Task prompt: The span to repeat in the listing below runs from the line containing "VOLKSWAGEN TIGUAN WOL" to the line containing "スタイリッシュ モダン YSL イヴサンローラン コピー 財布 上質 クラシック", inclusive. Repeat it exactly, and only it.

Supplied data:
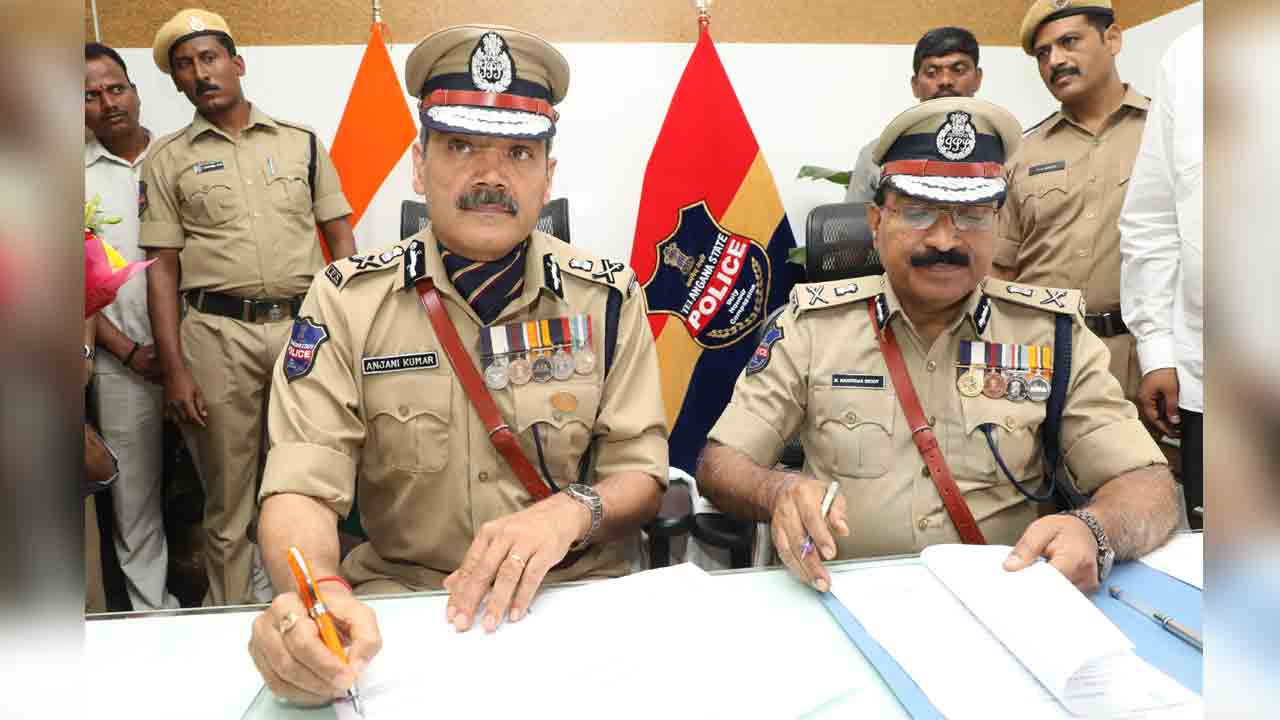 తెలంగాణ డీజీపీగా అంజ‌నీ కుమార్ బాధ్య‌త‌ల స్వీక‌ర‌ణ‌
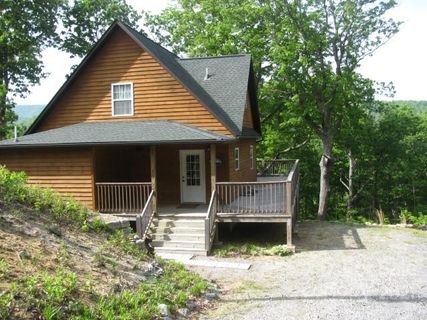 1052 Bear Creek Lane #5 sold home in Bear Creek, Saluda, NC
---
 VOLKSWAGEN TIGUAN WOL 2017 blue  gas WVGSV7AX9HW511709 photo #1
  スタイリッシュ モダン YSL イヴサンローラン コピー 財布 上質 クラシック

Response for this exercise:
 VOLKSWAGEN TIGUAN WOL 2017 blue  gas WVGSV7AX9HW511709 photo #1
  スタイリッシュ モダン YSL イヴサンローラン コピー 財布 上質 クラシック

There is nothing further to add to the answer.